Govt ignores Mamata, to reintroduce bill
Notwithstanding opposition by Trinamool Congress chief and Railway Minister Mamata Banerjee, the UPA government is likely to re-introduce the controversial land acquisition bill in Parliament during the ongoing winter session, reports Aurangzeb Naqshbandi.india Updated: Nov 28, 2009 02:02 IST
Notwithstanding opposition by Trinamool Congress chief and Railway Minister Mamata Banerjee, the UPA government is likely to re-introduce the controversial land acquisition bill in Parliament during the ongoing winter session.
The government also plans to re-introduce the Rehabilitation and Resettlement Bill, 2009, which seeks to rehabilitate and resettle people affected by land acquisition for public projects or involuntary displacement because of any other reason.
According to the revised draft of the Land Acquisition (Amendment) Bill, 2009, seeking amendments to the original 1894 Act, any land required for a major project would not be acquired if 70 per cent of farmers don’t give their assent to the proposal.
Likewise, farmlands where more than one crop is grown in a year would not be acquired.
“These strict provisions have been included to protect the interests of farmers,” a rural development ministry official said.
The Bills were passed by the Lok Sabha on February 25 and tabled in the Rajya Sabha on February 26. However, both the Bills lapsed with the dissolution of the 14th Lok Sabha.
Banerjee has been opposing the land acquisition Bill that provides for private developers acquiring 70 per cent of land for a proposed industrial project directly from farmers and landowners while the remaining 30 per cent is to be acquired by the state government.
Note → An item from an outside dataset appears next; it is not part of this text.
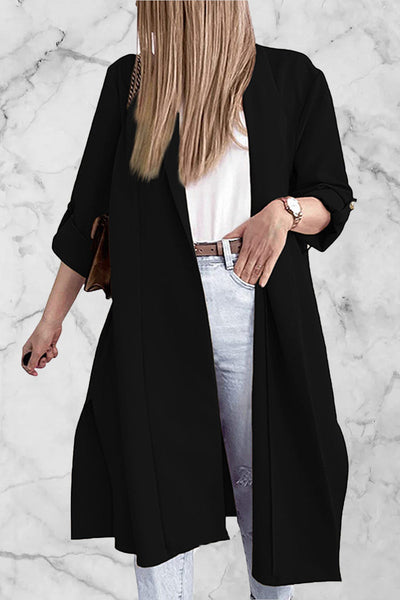 Open Front Trench Cardigan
She had even walked out of a cabinet meeting once over the issue.
She doesn’t support government getting into the business of acquiring land for companies and wants entrepreneurs to buy 100 per cent of the land they require.
Banerjee also wants no industries to come up on agricultural land and favours giving legal rights to farmers to enable them to buy back their land if the proposed industry fails to come up within the prescribed time.